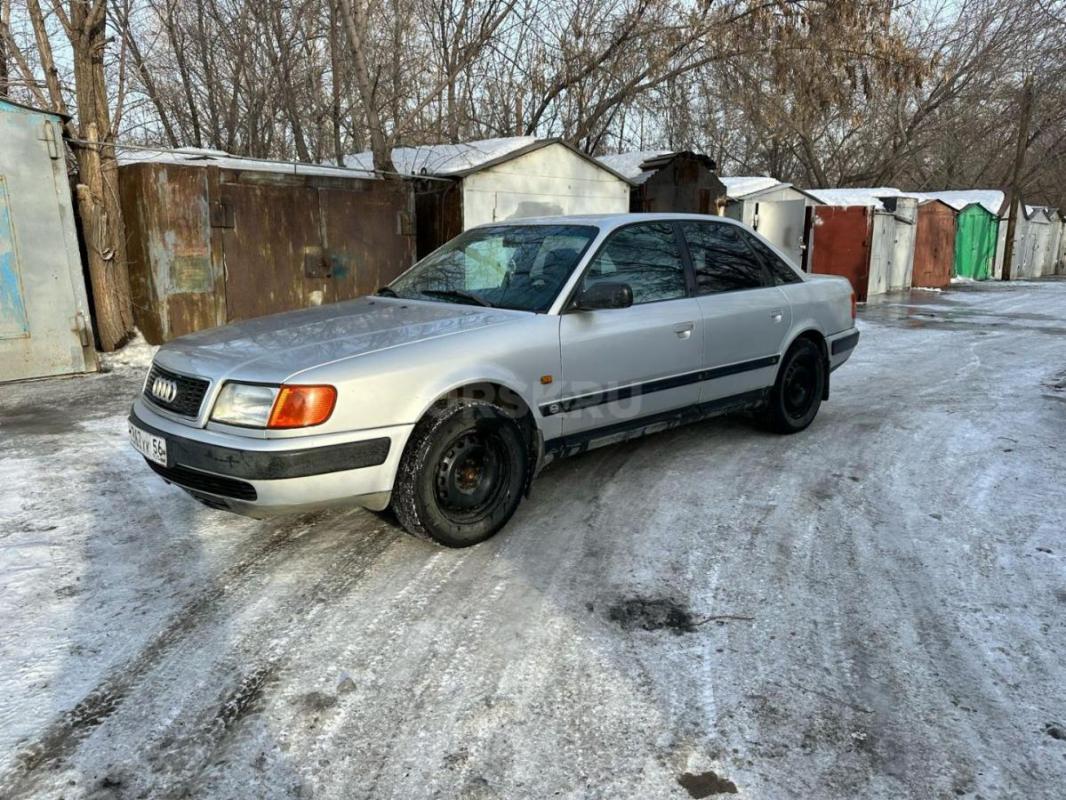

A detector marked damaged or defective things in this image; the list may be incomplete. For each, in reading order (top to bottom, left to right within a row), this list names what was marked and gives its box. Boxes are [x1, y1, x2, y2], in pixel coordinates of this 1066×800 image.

rusty garage door [805, 206, 874, 302]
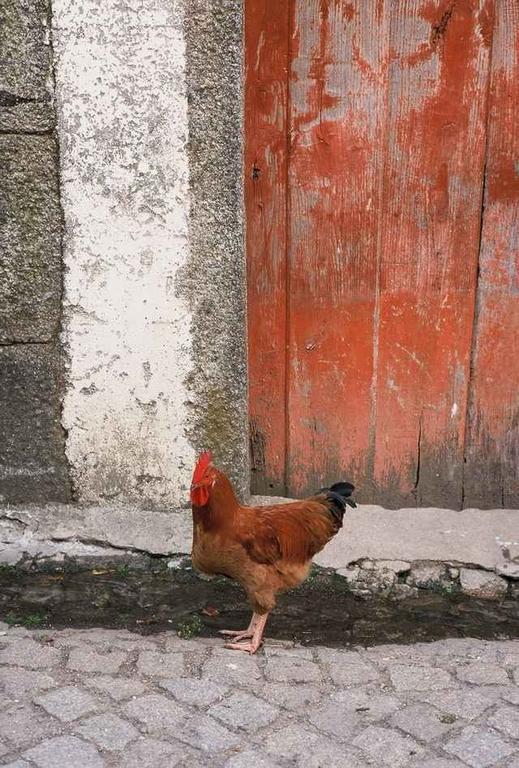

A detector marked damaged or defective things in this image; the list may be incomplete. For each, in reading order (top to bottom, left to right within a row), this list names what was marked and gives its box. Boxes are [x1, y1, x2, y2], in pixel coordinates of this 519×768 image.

chipped plaster surface [52, 0, 195, 508]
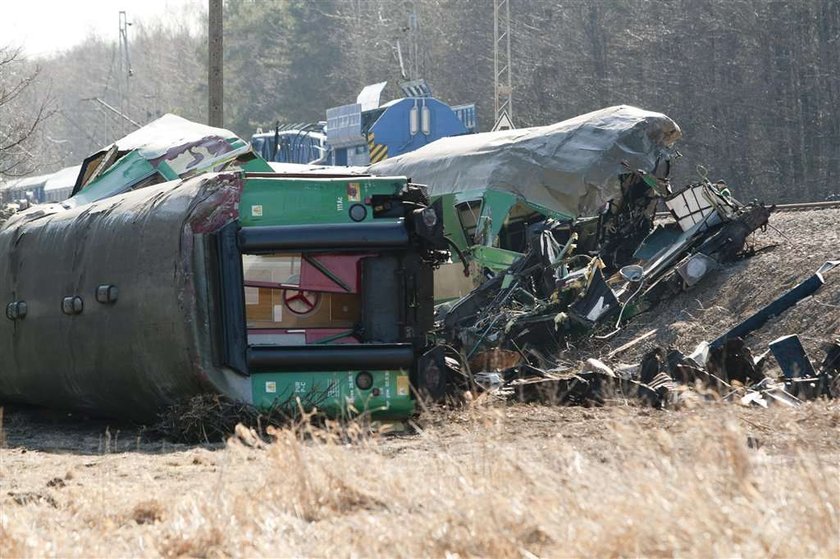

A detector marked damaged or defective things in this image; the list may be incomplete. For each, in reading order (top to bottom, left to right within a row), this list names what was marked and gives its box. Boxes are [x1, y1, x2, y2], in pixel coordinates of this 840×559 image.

torn train roof [368, 104, 684, 218]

■ **Exercise description**
Exactly the lines from the one containing "this 840×559 image." through the end of the listing above, inclusive, are to be written out, and no others.

■ **Solved exercise**
A detector marked damaged or defective things in this image; the list may be incomplete. For each, in reading order (top to bottom, left to right within a row), this list names what was marked and gives its box. Boxes are [x1, y1, x2, y2], in pixel coordinates of this 840×559 image.

torn train roof [368, 104, 684, 218]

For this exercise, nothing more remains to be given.